Proteste von Greenpeace Giscard d'Estaing erhält Karlspreis

Aachen (rpo). Valery Giscard d'Estaing, Präsident des europäischen Konvents, ist unmittelbar vor den ersten Beratungen über eine Vorlage zur EU-Verfassung am Donnerstag mit dem Internationalen Karlspreis von Aachen ausgezeichnet worden.

Bundespräsident Johannes Rau mahnte in seiner Laudatio an, mit der neuen EU-Verfassung müsse für ein gleichberechtigtes Miteinander von großen und kleinen Staaten gesorgt werden. Giscard forderte die aktive Unterstützung der EU-Bürger für die Union.

Das Karlspreis-Kuratorium würdigte mit dem Preis den französischen Ex-Staatspräsidenten, der den europäischen Einigungsprozess seit Jahrzehnten in unterschiedlichen Funktionen vorangetrieben habe. Aachens Oberbürgermeister Jürgen Linden erinnerte daran, dass sich Giscard bereits vielfach um die europäische Integration verdient gemacht habe.

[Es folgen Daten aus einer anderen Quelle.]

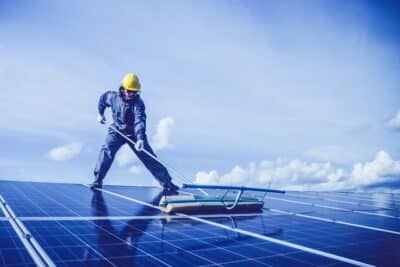 Panneaux solaires et rénovation énergétique : une combinaison gagnante pour réduire votre empreinte carbone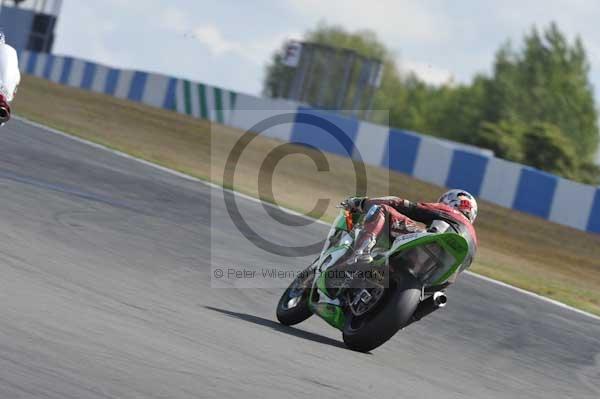 Motorcycle action photographs;donington;donington park leicestershire;donington photographs;event digital images;eventdigitalimages;no limits trackday;peter wileman photography;trackday;trackday digital images;trackday photos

Der EU-Konvent kommt am (morgigen) Freitag und am Samstag in Brüssel zusammen, um erstmals über die Vorlage des Präsidiums für eine Verfassung zu beraten. Am 20. Juni soll der Entwurf dem EU-Gipfel in Saloniki vorliegen, bis Jahresende soll die Verfassung verabschiedet sein.

"Europa kann nur gelingen, wenn zwischen den großen, den mittleren und den kleineren Ländern ein Ausgleich ihrer Interessen geschieht", sagte Rau. In den vergangenen Tagen war Giscard vorgeworfen worden, nur die Interessen der großen Mitgliedstaaten zu vertreten.

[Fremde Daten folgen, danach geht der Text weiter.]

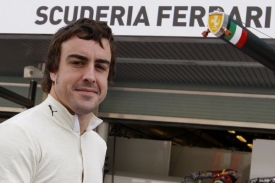 Pilot Renaultu Fernando Alonso, v příští sezoně pojede za Ferrari.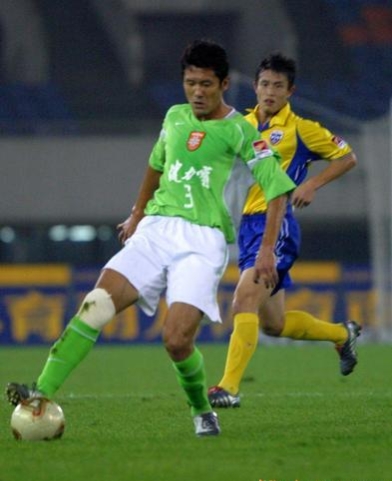 重温赛事-北京连胜，青岛垫底，2004年中超联赛（第18轮-第19轮）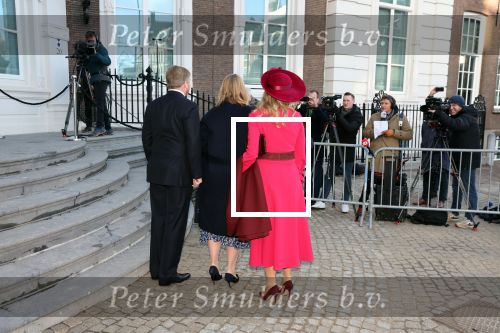 Den Haag 8 december 2021
Prinses Amalia arriveert voor de buitengewone vergadering van de Raad van State. Naast de prinses waren ook koning Willem Alexander en koningin Maxima bij de buitengewone vergadering aanwezig.
Na de vergadering ging Amalia in de tuin een boom planten.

Zu den Aufgaben einer europäischen Verfassung zählte der Bundespräsident die Stärkung der Demokratie und die Gewährung von mehr Rechten für das europäische Parlament, darunter auch das, den Kommissionspräsidenten zu wählen. Zur europäischen Sicherheitspolitik sagte Rau, die Erfahrungen der Vergangenheit hätten gezeigt, dass diese neben allen zivilen Mitteln auch eine militärische Komponente brauche. Die EU und die NATO müssten dabei Hand in Hand arbeiten.

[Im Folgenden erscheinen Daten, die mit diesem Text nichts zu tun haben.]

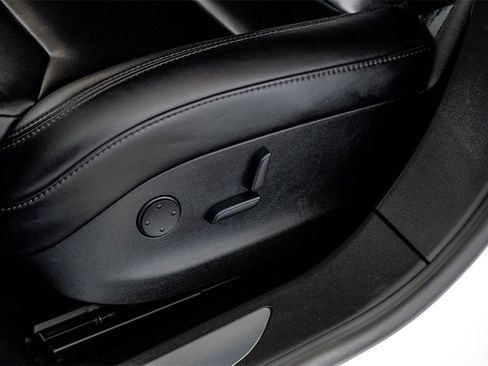 Used 2017 Tesla Model S 100D image 33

Giscard erklärte, Europa müsse wieder Gegenstand der öffentlichen Diskussion werden. Erstmals solle Europa nicht mit der Waffe, sondern mit der Feder geeint werden, wozu aktive Unterstützung durch die Bürger nötig sei. Giscard sagte, im Grunde stehe die Hälfte des Karlspreises dem bei der Verleihung anwesenden Ex-Bundeskanzler Helmut Schmidt zu, mit dem er alles Gute für Europa gemeinsam getan habe.

Proteste von Umweltschützern

Vor dem Rathaus demonstrierten Umweltaktivisten gegen die Preisverleihung, die Giscard vorwerfen, die exklusive Förderung von Atomkraft in der neuen EU-Verfassung verankern zu wollen. Auf Transparenten hieß es: "Für eine EU-Verfassung ohne Atomkraft."

Der Karlspreis ist die älteste und renommierteste Auszeichnung für Personen oder Institutionen, die sich um Europa und die europäische Einigung verdient gemacht haben. Geehrt wurden bislang unter anderen die Bundeskanzler Konrad Adenauer und Helmut Kohl, die Bundespräsidenten Walter Scheel, Karl Carstens und Roman Herzog, der seinerzeitige französische Staatspräsident François Mitterrand und der tschechische Staatspräsident Václav Havel. 2002 ging die Auszeichnung an den Euro.